Repetitive and predictable practices maintaining domestic stasis camouflage the continual flow of resources generating the home's interior stability.
The body of artwork was made using two and three dimensional techniques to examine the interplay between image making and space making in our experience of the world.
"When I started my research my three kids were quite little and my supervisor told me, look inside your house for a year. I was like are you kidding? I'm trying to get away from my house," she said.
"So I photographed my house inside and out for a year and realised even in ordinary domestic spaces there's a connection between the body and spaces - we become one with the environment.
"My final work was building a great big river in the middle of my house which meant you couldn't move through it.
"No-one could get into the kitchen or lounge room," she said with a laugh. "You had to go around from the outside.
"The water metaphor came from thinking about how the outside world comes into our homes, and how we're constantly reliant on the outside world to make sure it functions the way we need to.

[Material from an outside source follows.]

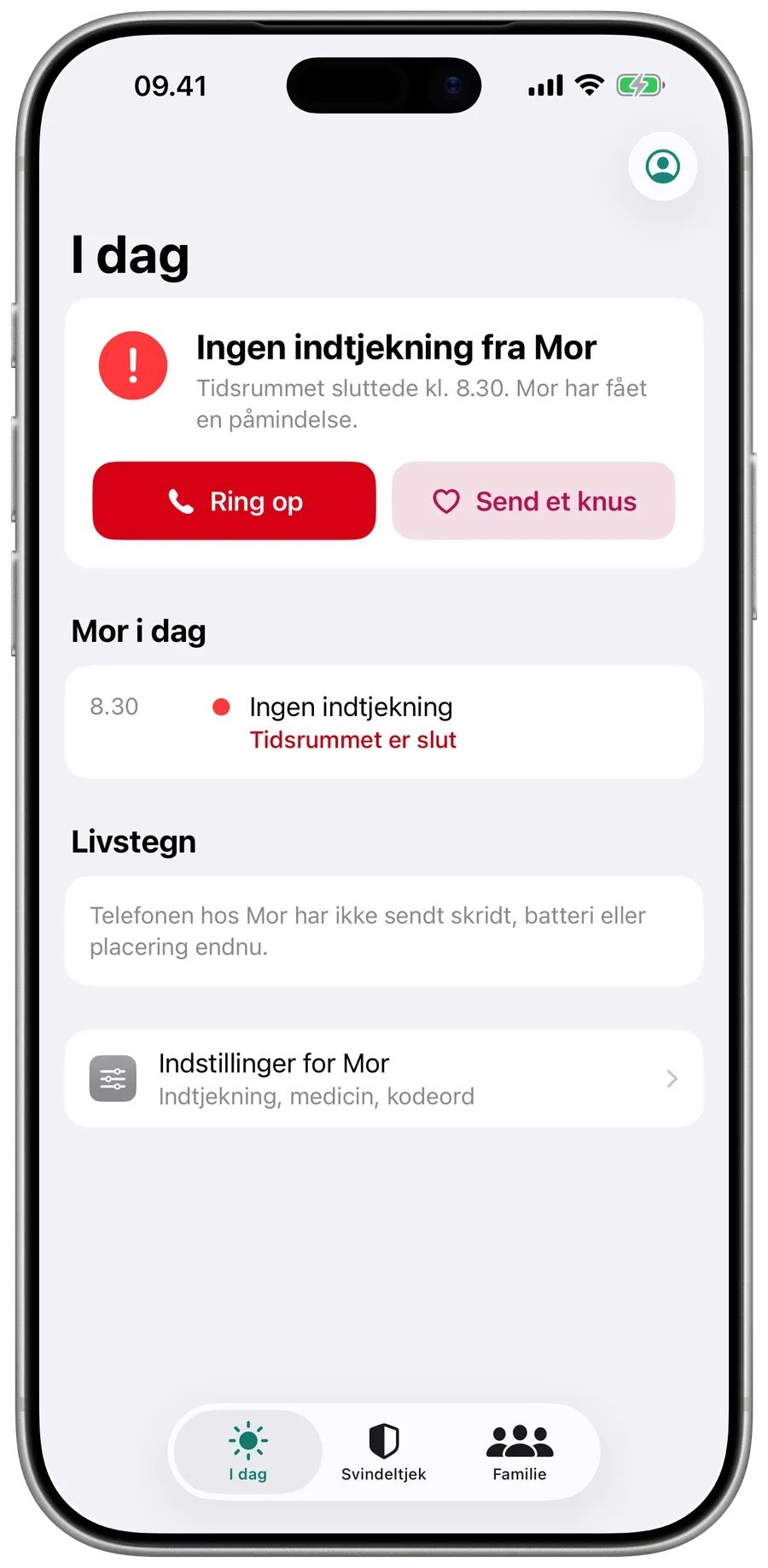 I dag i Surewell, når en indtjekning mangler: Ingen indtjekning fra Mor, med knapperne Ring op og Send et knus.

Sometimes you don't notice that until it's disrupted.
"With COVID that was a disruption en masse for everyone. It made us notice how much we depend on the outside world."
Nevin-Berger elevates and brings new meaning to the mundane.
With three teenagers the sheer amount of milk consumed was enough to get her thinking.
"The wall of milk cartons was a response to COVID - I didn't make sourdough, I collected milk cartons.
"With three teenagers we go through three litres of milk easy.
"When you stop and look at it en masse you realise everything it takes to make our normal little world."